There is no pressing public interest that could not be addressed through an appeal. Petitioners also argue that to accept the trial court’s judgment would mean having to initiate a new validation action. (Petition at p. 9 ¶27.) Petitioners argue that the trial court decision “has cast doubt upon the procedures by which agencies may authorize and validate general obligation bonds …” (Id.) If Petitioners mean they need to worry about

16

whether they ought to place some evidence before the Committee in order to justify the bond sale authorization, this seems a trivial concern. In the context of other validation proceedings, it has long been understood that validation is not a “rubber stamp,” and that there must be at least some evidence in the record to support the decision whose validation is sought. (See, e.g., Boelts v. City of Lake Forest (2005) 127 Cal.App.4th 116, 120 [lack of evidence in the record supporting agency’s conclusion that proposed redevelopment area was blighted required entry of judgment invalidating redevelopment plan].) If Petitioners (and others) are unable to come up with any evidence supporting authorization of bond issuance, then perhaps the conclusion should be that the issuance not be authorized; not that the law be reinterpreted such that the evidentiary requirement is thrust aside. In any case, such a major change in public policy would be better dealt with through the standard appellate process. 2.

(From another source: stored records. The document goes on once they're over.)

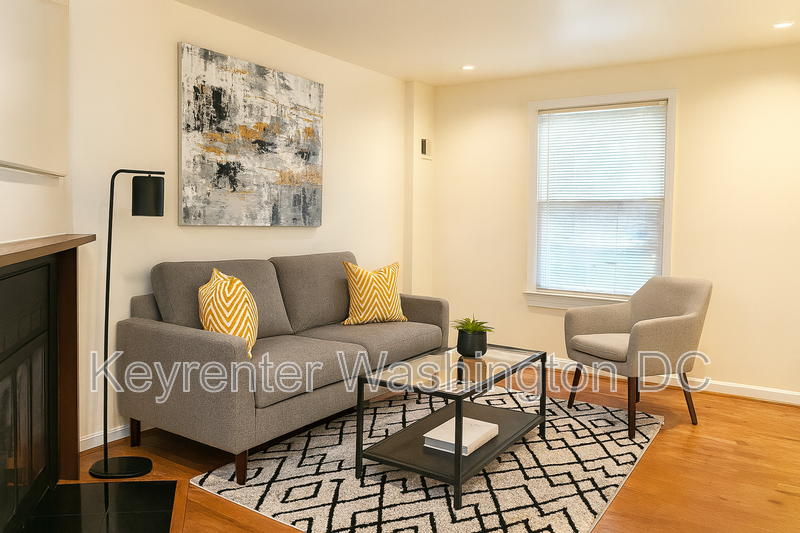 Washington House: 107 P St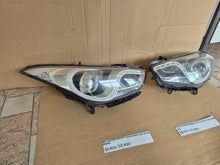 Load image into Gallery viewer, Frontscheinwerfer Hyundai I I40 92102-3Z100 LED Ein Satz Scheinwerfer Headlight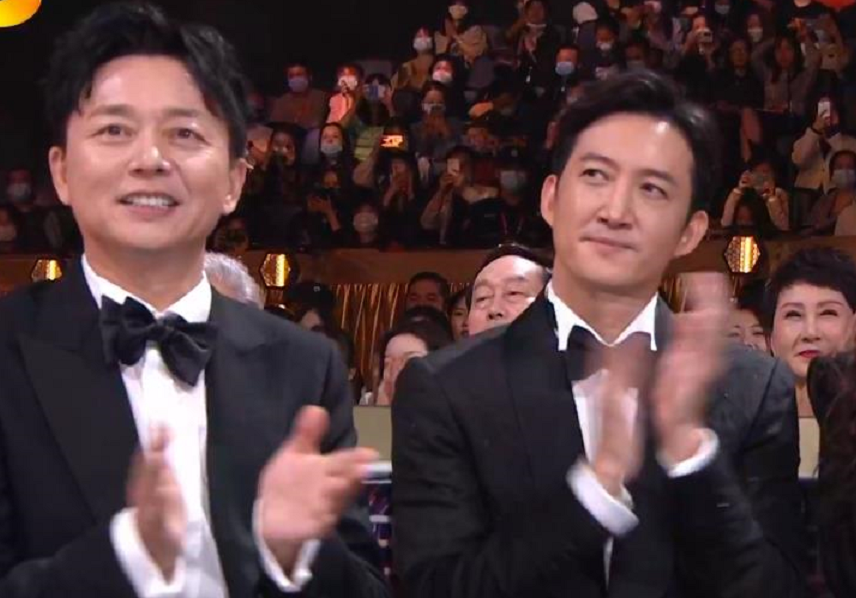 谭松韵|看众星金鹰奖颁奖礼造型：42岁殷桃黑裙显身材，谭松韵波点裙清新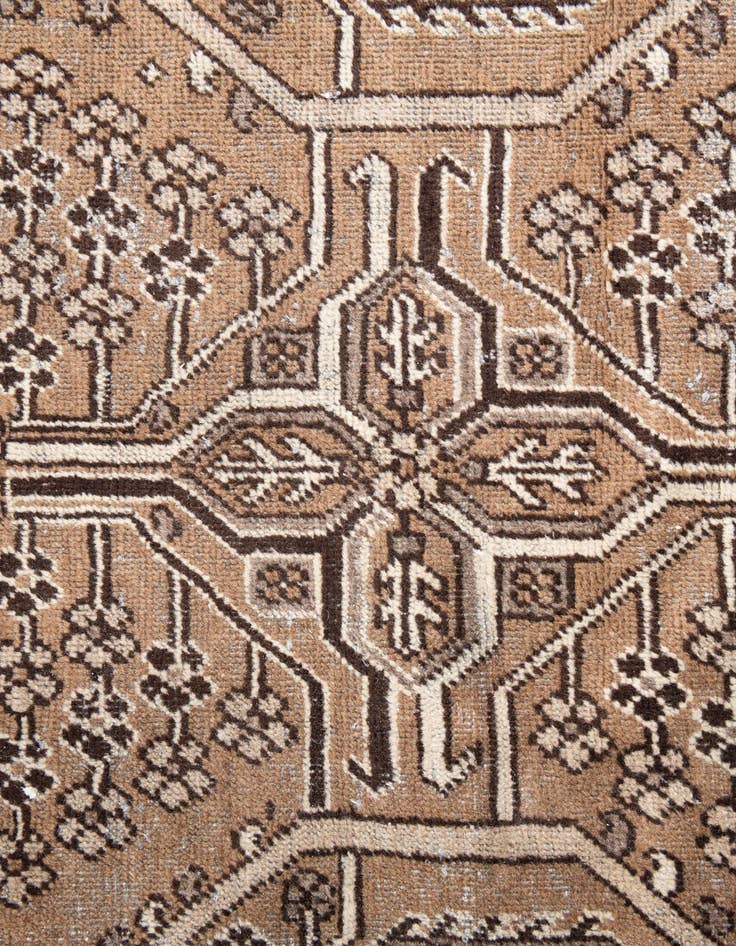 Detail image of 6' 6 x 9' 10  Hand Knotted Ultra Vintage Persian Wool Rug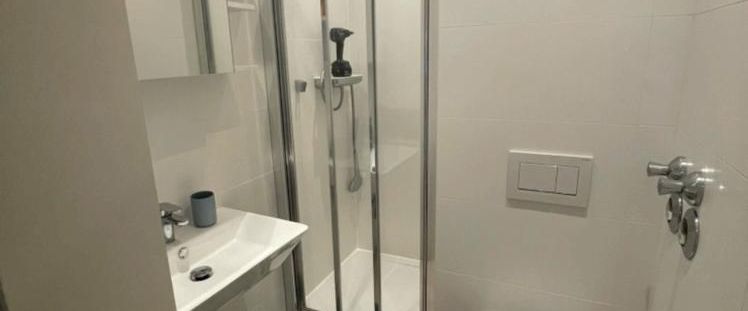 Nachmieter für tolles Wg Zimmer gesucht:) zentrumsnah!!! - Photo 1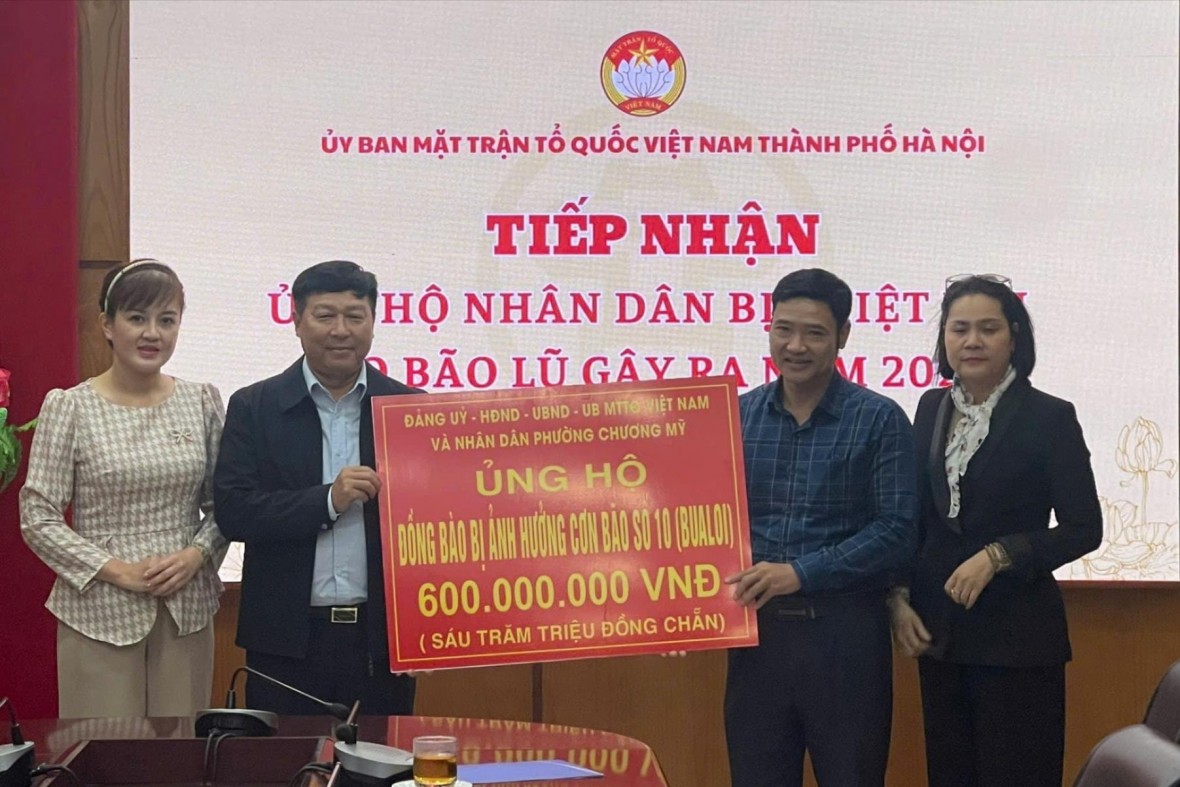 Phó Chủ tịch Ủy ban MTTQ Việt Nam thành phố Hà Nội Phạm Anh Tuấn tiếp nhận ủng hộ của phường Chương Mỹ.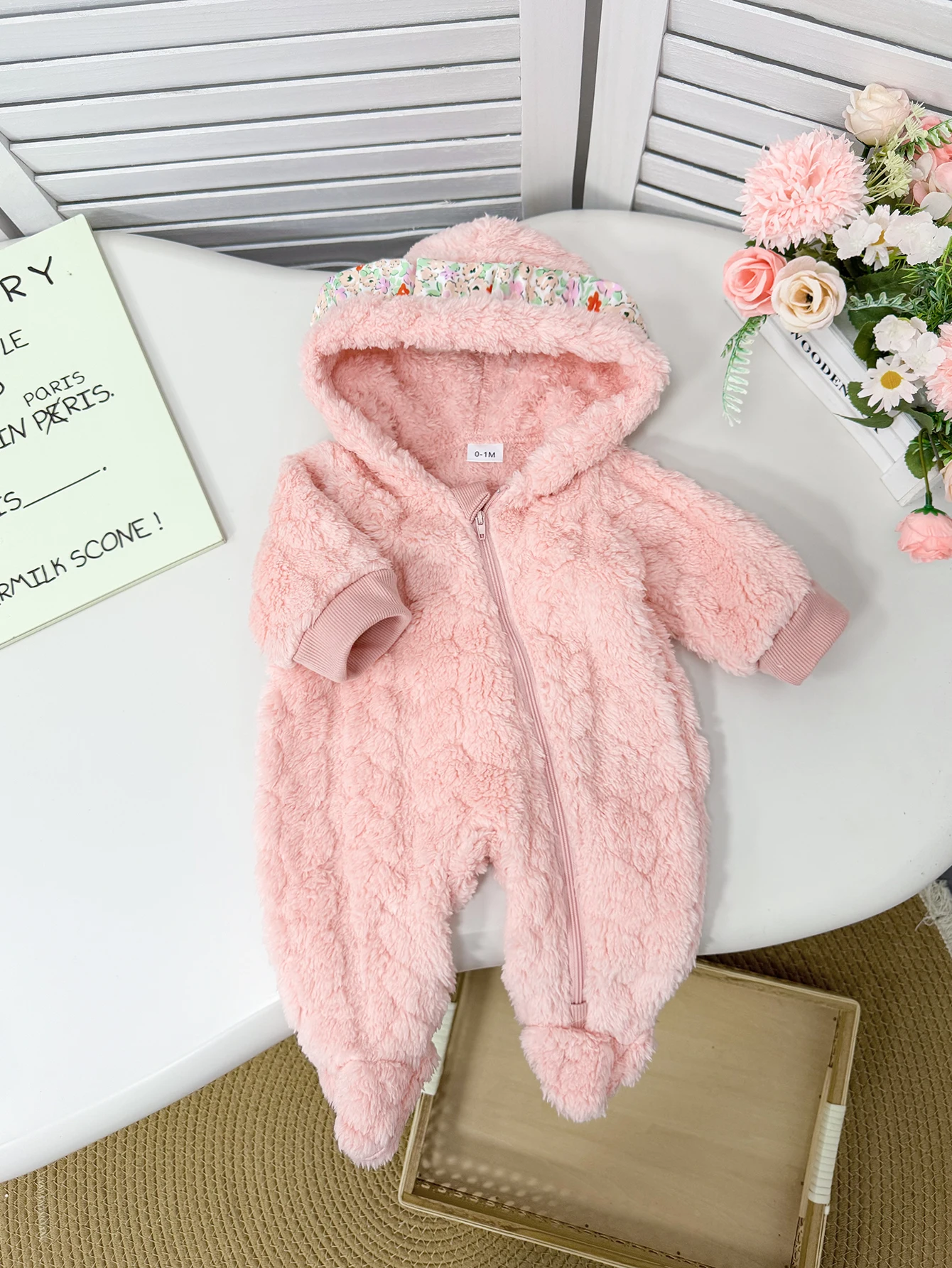 Pink Fluffy Baby Romper Suit with Hood Autumn Winter Warm Cute Crawler Soft Girl Outfit Attention-Grabbing Street Style for Baby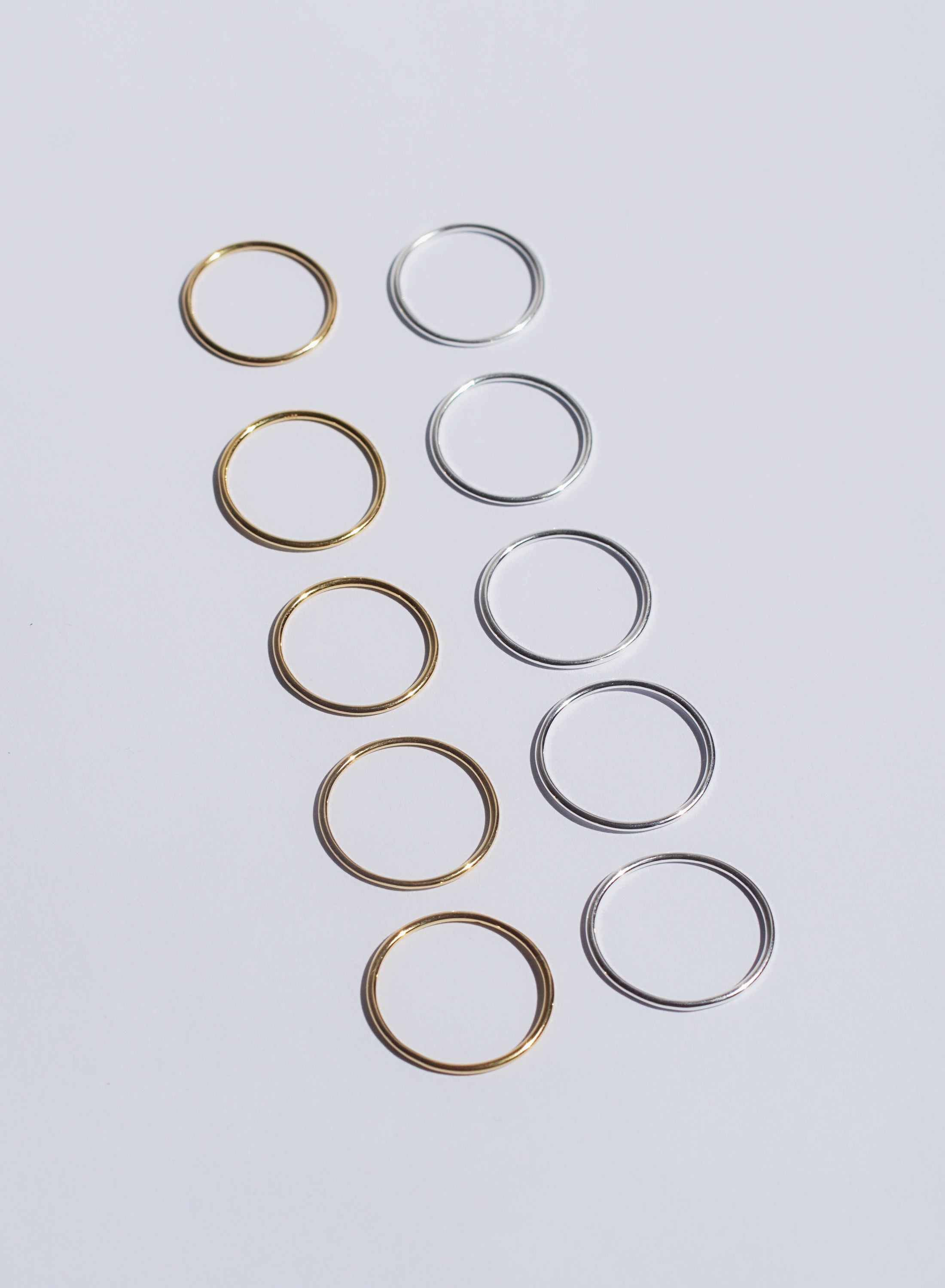 SIMPLE LAYERING RINGS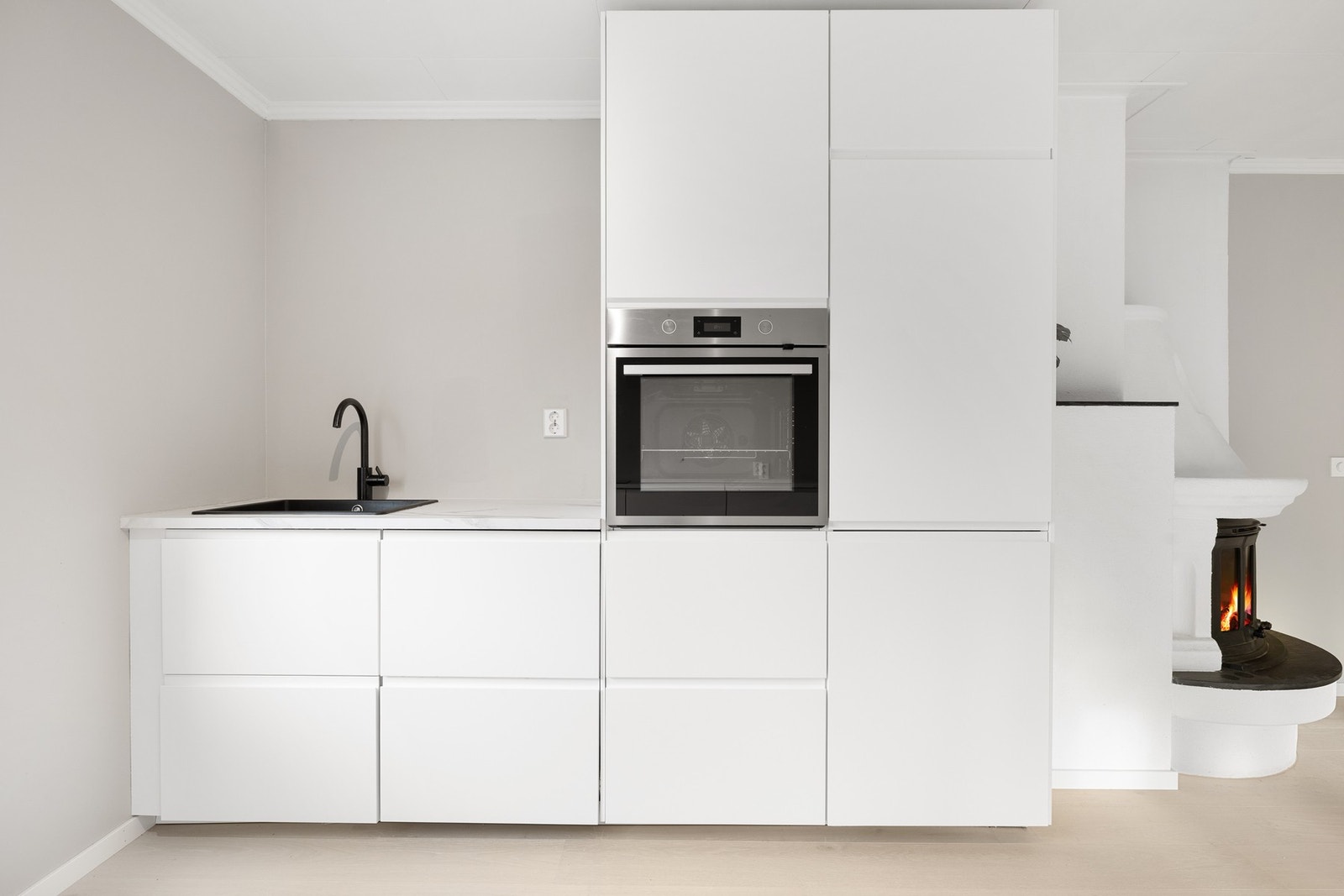 Her er det integrerte hvitevarer som stekeovn, kjøle-/fryseskap og oppvaskmaskin. Galleribilde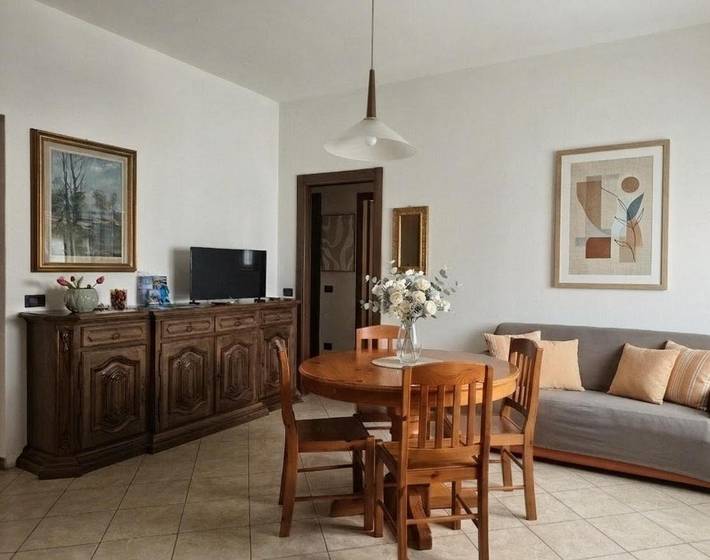 Appartamento per 4 persone, con Giardino e Panorama a Oleggio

THE ISSUES IN THE TOS CASE WOULD NOT BE MOOTED BY COMPLIANCE WITH THE WRIT.

With regard to the trial court’s order and writ of mandate in the Tos Case, Petitioners argue that unless the Court accepts the Petition and orders rescission of the order and writ, the Authority will be forced to comply with the writ, and that, in turn, would render the underlying issues moot and not susceptible to appeal once judgment is entered. (Petition at p. 11 ¶32.) As had already been explained to the trial court by Tos Plaintiffs and was

17

presumably accepted by that court (1 HSR 281-282 [tab 12]), this is not the case. Petitioners had expressed concern to the trial court that compliance with a writ of mandate ordering rescission of the Authority’s Funding Plan would moot any later attempt to appeal the trial court’s ruling. (1 HSR 279289 [tab 11]) They express the same concern here. (Petition at p. 11 ¶32, 47-48.) Petitioners base their concern on a series of cases where a court had issued an order mandating a particular action, and the agency’s subsequent compliance with the order by taking that action mooted the appeal. In each case, compliance with the order fully resolved the controversy that had engendered the lawsuit without the prospect of its recurrence, leaving nothing to be appealed. Thus, in MHC Operating Limited Partnership v. City of San Jose (2003) 106 Cal.App.4th 204, 214, the trial court had issued a writ ordering the respondent city to reconsider the petitioner’s application for a rent increase under the city’s rent control ordinance. The court of appeal held that the city, having completed its reconsideration of the application in compliance with the writ, could no longer seek to avoid the reconsideration through an appeal. Similarly, in Building a Better Redondo, Inc. v. City of Redondo Beach (2012) 203 Cal.App.4th 852, 865-866, the trial court had issued a 18

writ requiring the city to place a proposal for a local coastal program on the ballot. Again, the city complied with the writ by placing the measure on the ballot. Having done so, nothing was left for the court of appeal to address in the appeal. In each of these cases, the agency was ordered to take the positive action that had been sought by the plaintiff. Once that action was completed, the plaintiff’s concerns had been fully addressed. A reversal on appeal could not “unring the bell.” Further, these were not situations where plaintiff’s complaint could be predicted to recur. Thus the appeal could accomplish no useful purpose and was therefore moot. a.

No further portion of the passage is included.